水は富士山の方に流れていった。富士山の負けと決まったわけだが、気位の高い富士山、樋(とい)を取り上げると女だてらに八ヶ岳の頭を殴りつけた。

すると端正な八ヶ岳の頭が八つに割れ、あわれ八ヶ岳は後世にそのままの姿をさらすことになった。

(参考・民話と伝説・甲信越・飛騨) 昔々のいろいろな話が残っていて楽しいです。

木花之佐久夜毘売(コノハナサクヤヒメ)(古事記)

桜などの花が咲くような女神という名であるコノハナノサクヤビメは神話上で最も美しい神であると言われています。

富士浅間神社に伝わる遠い昔の話です。

天孫邇邇芸命(てんそんににぎのみこと)と木花之佐久夜毘売(コノハナサクヤヒメ)(古事記表記)と一夜の契りを結びました。

毘売は懐妊し、それを命に話すと不機嫌になりました。

「たった一夜の契りなので、私の子ではあるまい」

疑いをかけられた毘売は、「もしこの子が命の子でないなら、出産は無事に済みますまい。もし命の子ならたとえ猛火の中でも無事に生まれることでしょう」

そう毘売は誓ったそうです。

出産のときには、火を放って猛火の中で無事に三人の子を産みました。

火が盛んに燃えた時に生んだ子を火照命、火が弱くなった時の子を火須勢理命、火が消えた時の子を火遠理命、またの名を天津日高日子穂穂手見命という。Wikipediaより

木花之佐久夜毘売はこのことから安産・防火の神として信仰を集めています。

富士浅間神社の祭神として祀られています。

(参考・民話と伝説・甲信越・飛騨)

鎮火の祈りのために建てられた浅間神社

噴火活動が起こり、人々から恐れられていた富士山でしたが、遠くからでも拝む対象となっていました。

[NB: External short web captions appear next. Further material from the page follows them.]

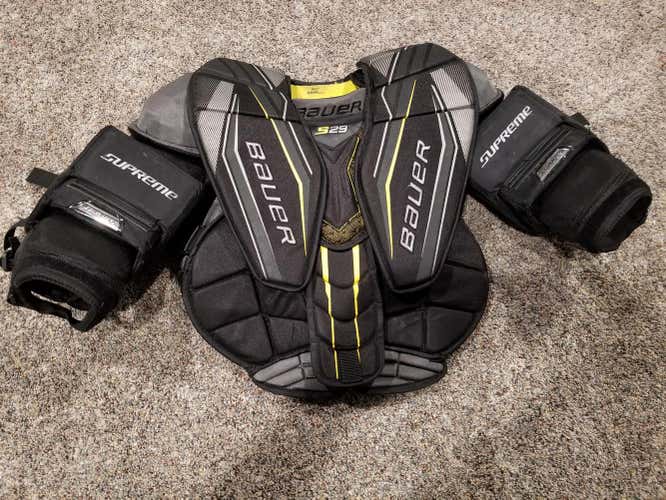 Bauer Supreme S29 Goalie Chest Protector size Intermediate Small - EXCELLENT CONDITION !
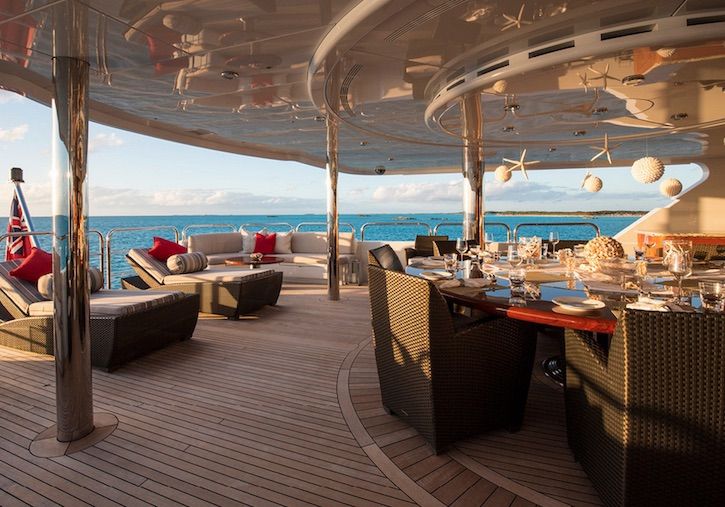 Upperdeck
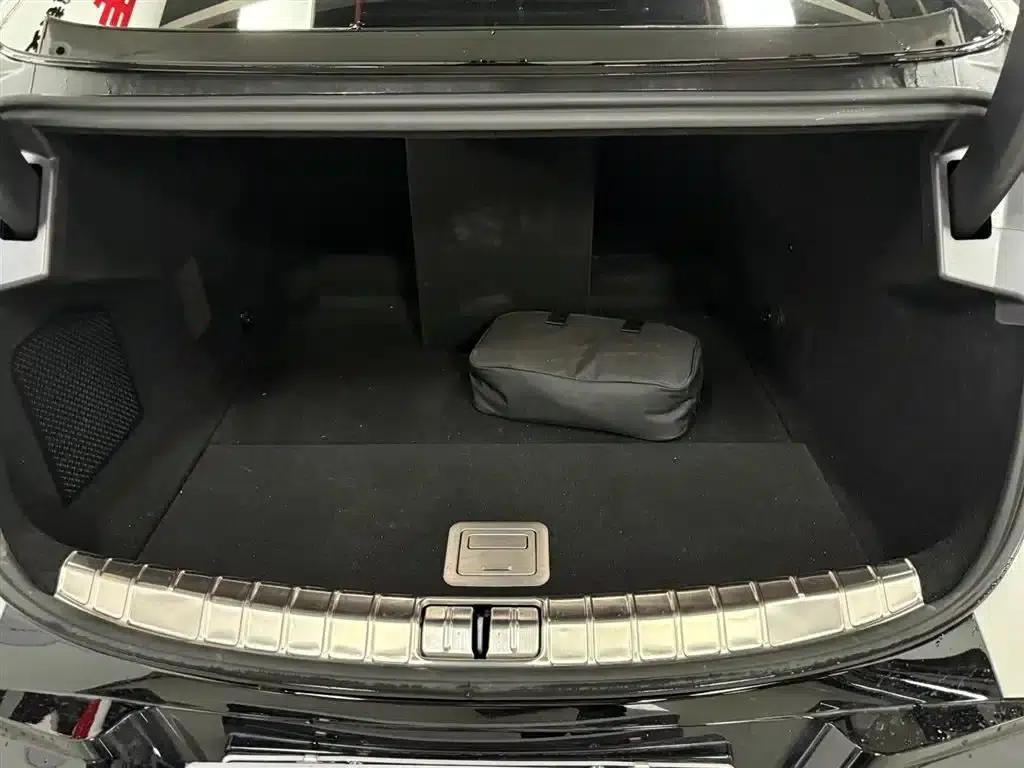 Denza Z9 2024 Model 1100km AWD Max Edition — миниатюра 13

我が街でも「富士見」という地名が残っていて、「富士見」からは富士山が見えます。

平安時代になると噴火を鎮めるために富士山麓に浅間神社が建てられて人々に信仰として根付いていきました。

我が街でも富士山が眺めることができる大室山に浅間神社が建っています。

祭神は木花咲耶姫(コノハナサクヤヒメ)。

富士浅間神社例大祭

富士吉田の火祭りは、神道説では木花之佐久夜毘売の故事にちなんで始められたといいます。

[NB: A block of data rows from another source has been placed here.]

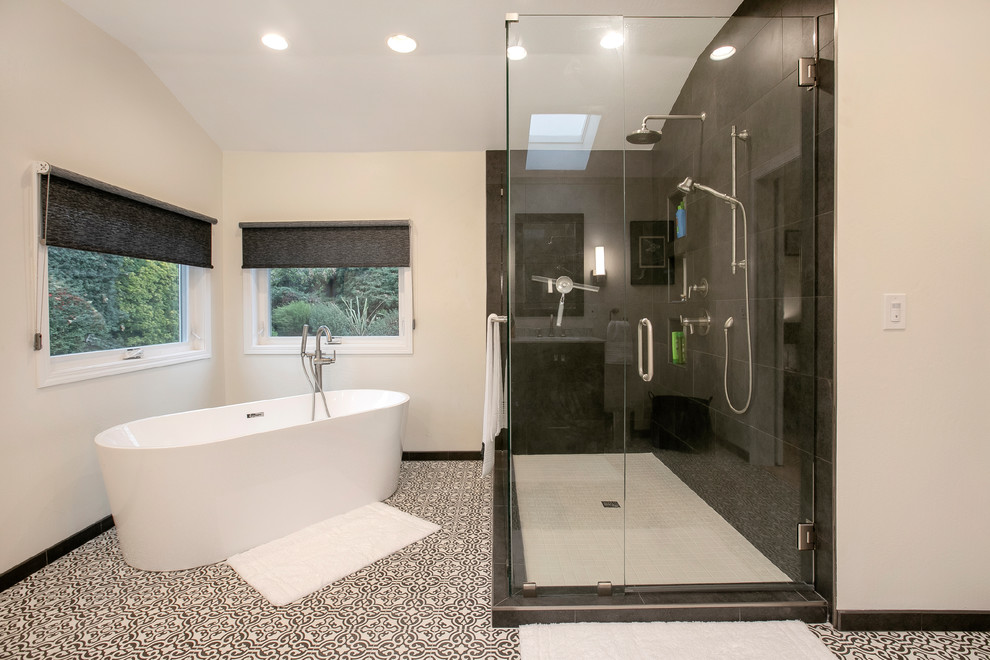 Стильный дизайн: большая главная ванная комната с фасадами в стиле шейкер, черными фасадами, отдельно стоящей ванной, раздельным унитазом, черной плиткой, керамической плиткой, белыми стенами, полом из керамогранита, врезной раковиной, столешницей из искусственного кварца, душем с распашными дверями и серой столешницей - последний тренд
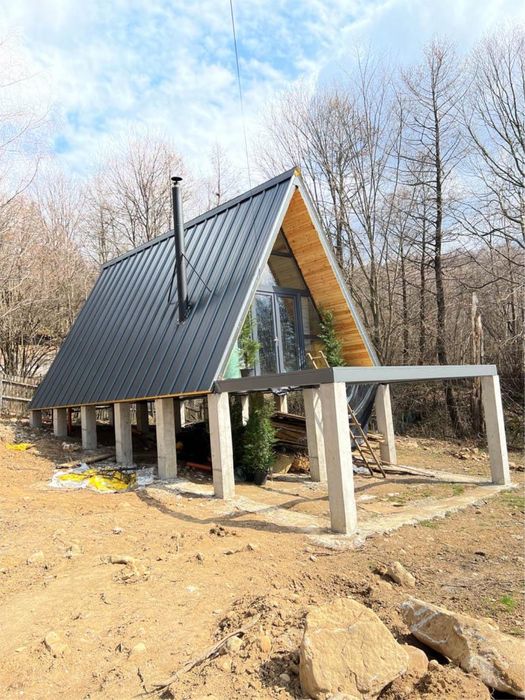 Case si cabane A-Frame din lemn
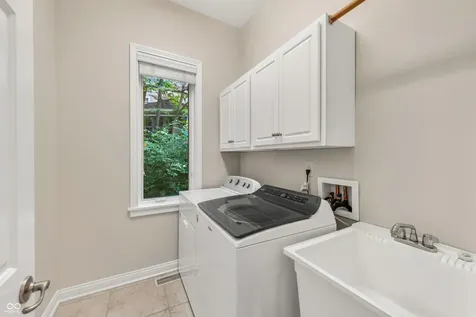 8069 Middle Bay Lane Indianapolis IN 46236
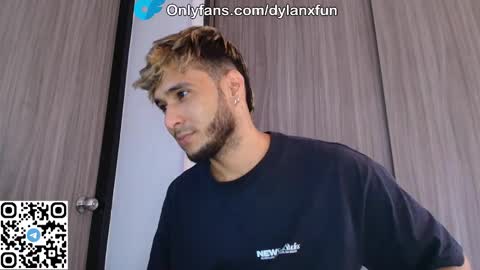 dylanxfun online show from October 24, 2025, 9:44 pm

富士浅間神社例大祭の前夜祭で行われる火祭りは、松明に火を灯し、さながら一面火の海のようだといいます。

河口湖畔浅間神社例大祭

こちらの例大祭も木花之佐久夜毘売ゆかりのものと伝えられています。

例大祭では稚児の舞が奉納されます。

こちらは富士山が大噴火したときに木花之佐久夜毘売を鎮火の神として祀って、鎮火を祈り舞ったのが始まりだといいます。

修験道の道場

平安時代の後期頃から富士山は修行の山となっていきました。

富士山山頂に大日堂が築かれてから登拝する山として広く知られるようになったからです。

明治時代になってから女性が登山することも許されましたが、それ以前は女性が富士山登山することは禁止されていました。

女性は聖なる山に入ることはできなかったのです。

富士五湖の一つ河口湖の河童伝説

富士五湖の一つの河口湖に河童伝説が残っていました。

河童伝説は日本全国、湖や川に現れるというのが多いような気がしますが、河口湖に現れた河童は、子供が一人で泳いでいると河童が足を引っ張って溺死させてしまうという。

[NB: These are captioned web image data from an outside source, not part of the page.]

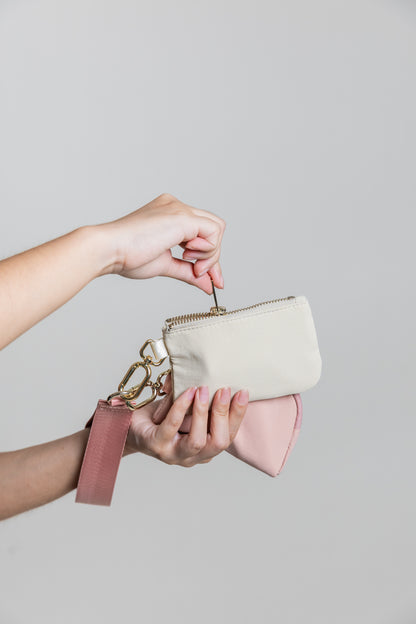 Tabi wristlet in Sakura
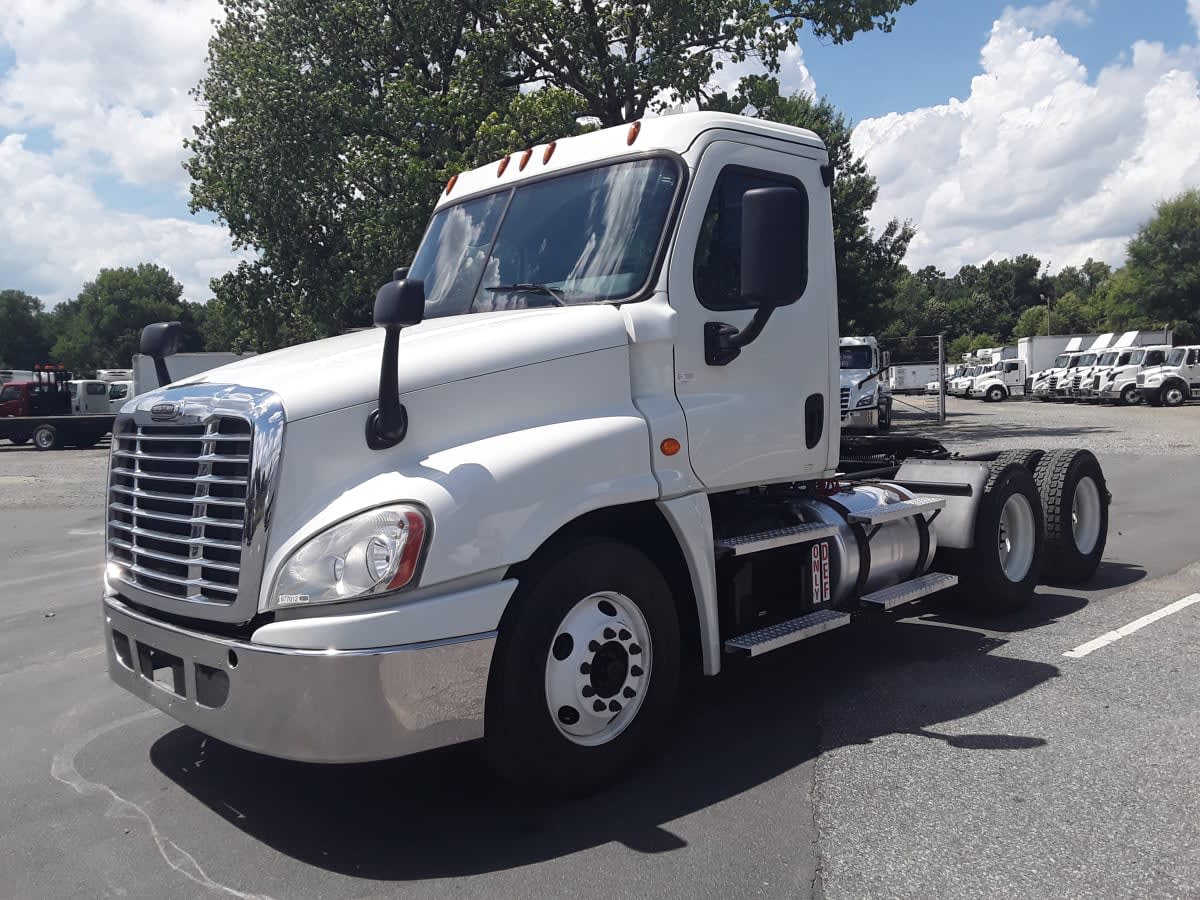 2020 Freightliner Cascadia in Charlotte, NC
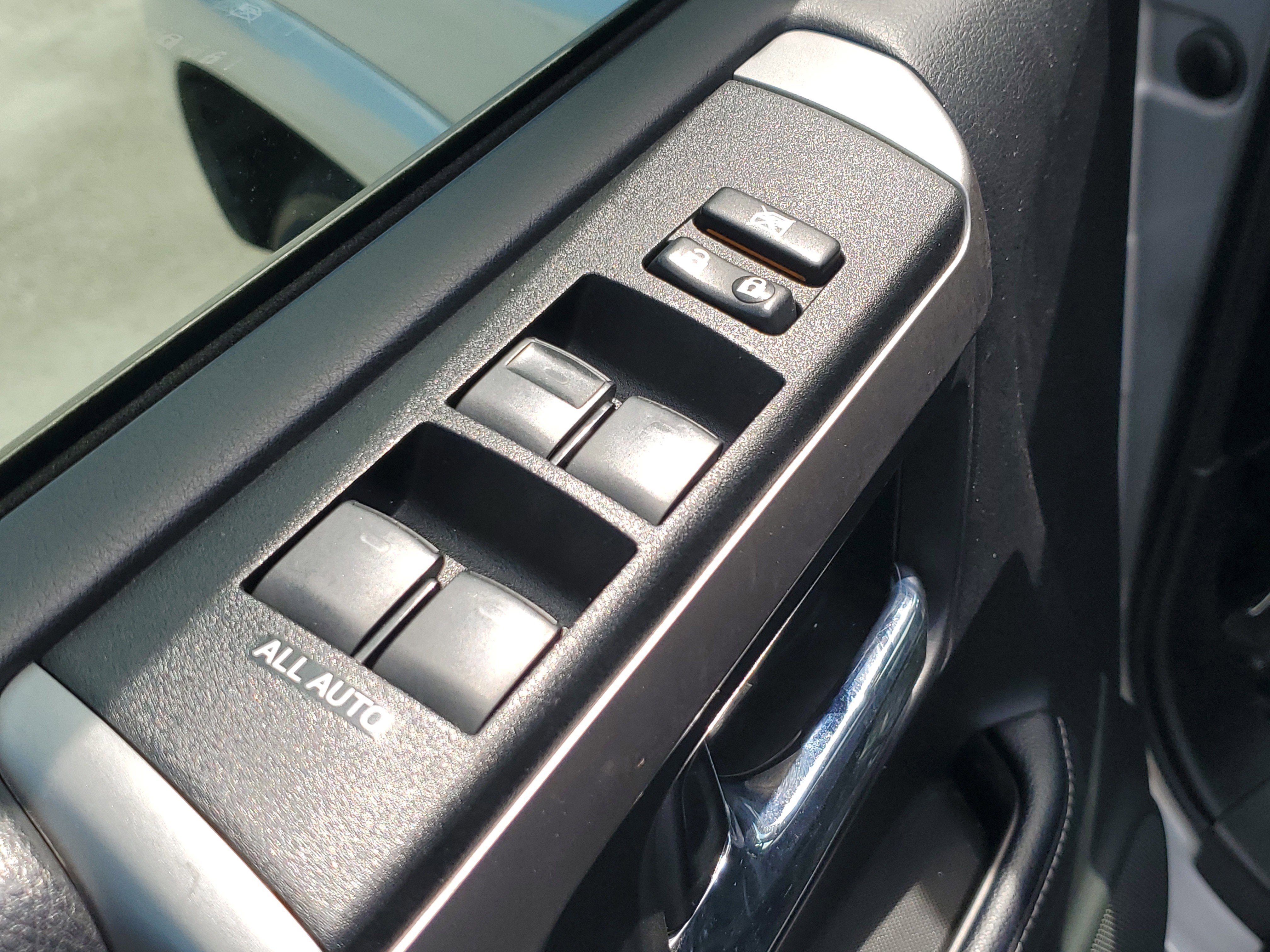 Used 2023 Classic Silver Metallic Toyota SR5 image 22
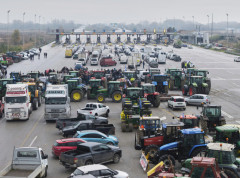 Grčki poljoprivrednici pojačali blokade na putevima, danas odlučuju o daljim potezima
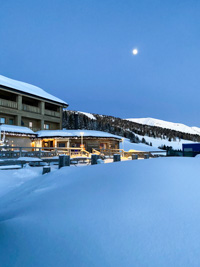 Refuge Val Formica with snow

怖い河童です。河口湖には赤牛伝説もあるそうで、河童と同じで子供が一人で泳いでいると赤牛に足を引っ張られるというものです。

河口湖の赤牛は、富士山が噴火したときに転がってきた溶岩塊?という説があるとのこと。

いずれも子供が一人で泳ぎに行きたがったときに、親が「河童が出るよ」とか「赤牛に脅かされるよ」と言ったのでしょうか??

浅間神社が伊豆に少ないのはどうして?

いつだったか忘れましたが、前に読んだ本に伊豆地方では富士山が噴火したときの被害が少なかったと書かれていました。

江戸時代の宝永大噴火のときです。1707年ですね。

火山灰が伊豆の方にあまり来なかったと書かれていました。

このときに偏西風によって運ばれた火山灰によって東関東から東北の方まで被害がありました。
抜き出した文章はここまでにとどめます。